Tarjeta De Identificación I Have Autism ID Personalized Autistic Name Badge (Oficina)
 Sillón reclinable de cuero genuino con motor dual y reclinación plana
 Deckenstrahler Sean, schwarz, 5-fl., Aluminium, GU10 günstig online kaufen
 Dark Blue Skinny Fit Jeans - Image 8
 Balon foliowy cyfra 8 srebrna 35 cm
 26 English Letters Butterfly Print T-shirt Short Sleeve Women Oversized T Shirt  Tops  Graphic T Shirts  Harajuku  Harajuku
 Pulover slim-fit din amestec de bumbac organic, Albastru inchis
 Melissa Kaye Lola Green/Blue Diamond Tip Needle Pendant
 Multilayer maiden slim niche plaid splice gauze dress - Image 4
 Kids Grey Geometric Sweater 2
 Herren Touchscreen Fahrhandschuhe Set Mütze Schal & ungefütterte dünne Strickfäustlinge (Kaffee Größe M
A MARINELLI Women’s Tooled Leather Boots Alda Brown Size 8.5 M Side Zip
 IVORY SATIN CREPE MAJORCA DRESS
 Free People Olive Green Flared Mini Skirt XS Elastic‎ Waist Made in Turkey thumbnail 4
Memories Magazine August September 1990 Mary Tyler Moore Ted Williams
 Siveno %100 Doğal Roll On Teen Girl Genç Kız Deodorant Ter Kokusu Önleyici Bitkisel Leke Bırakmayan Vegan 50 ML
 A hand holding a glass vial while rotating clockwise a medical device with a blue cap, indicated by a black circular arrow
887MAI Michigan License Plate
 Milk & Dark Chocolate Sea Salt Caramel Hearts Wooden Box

**Exercise goal**:
Answer with an exact copy of the lines from the one containing "Siveno %100 Doğal" through the end of the entries above, leaving out everything before.

**Response**:
 Siveno %100 Doğal Roll On Teen Girl Genç Kız Deodorant Ter Kokusu Önleyici Bitkisel Leke Bırakmayan Vegan 50 ML
 A hand holding a glass vial while rotating clockwise a medical device with a blue cap, indicated by a black circular arrow
887MAI Michigan License Plate
 Milk & Dark Chocolate Sea Salt Caramel Hearts Wooden Box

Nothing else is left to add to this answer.